### Exercise prompt
The reply should match the listing below character for character, except that no image is carried over.

### The data
════════════════

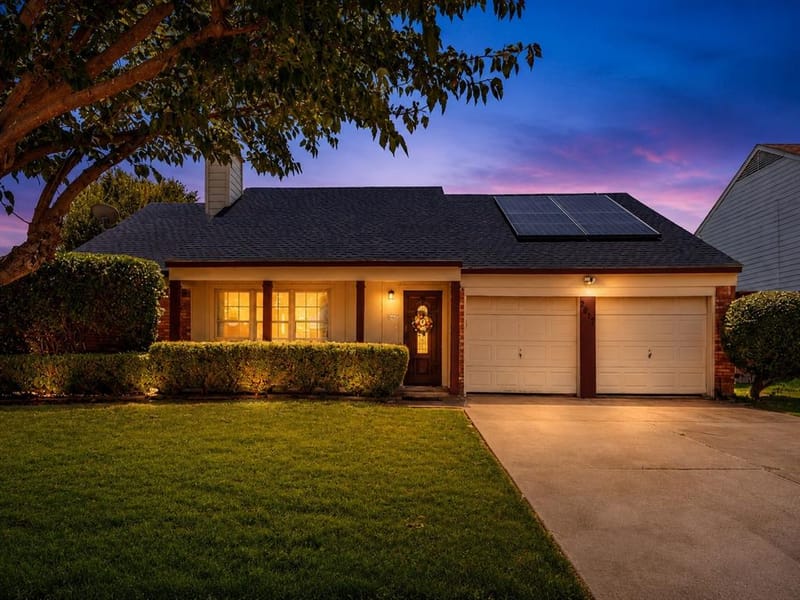2617 Winslow Drive, Grand Prairie TX 75052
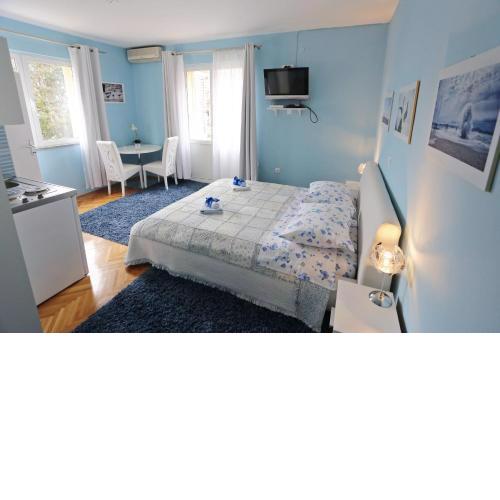 Apartments & Rooms Andrea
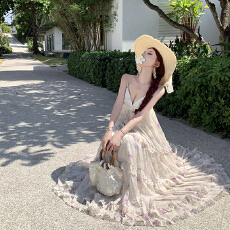 批发法式碎花吊带裙海边沙滩长裙重工烫金收腰小裙子女夏季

════════════════

### Solved exercise
2617 Winslow Drive, Grand Prairie TX 75052
 Apartments & Rooms Andrea
 批发法式碎花吊带裙海边沙滩长裙重工烫金收腰小裙子女夏季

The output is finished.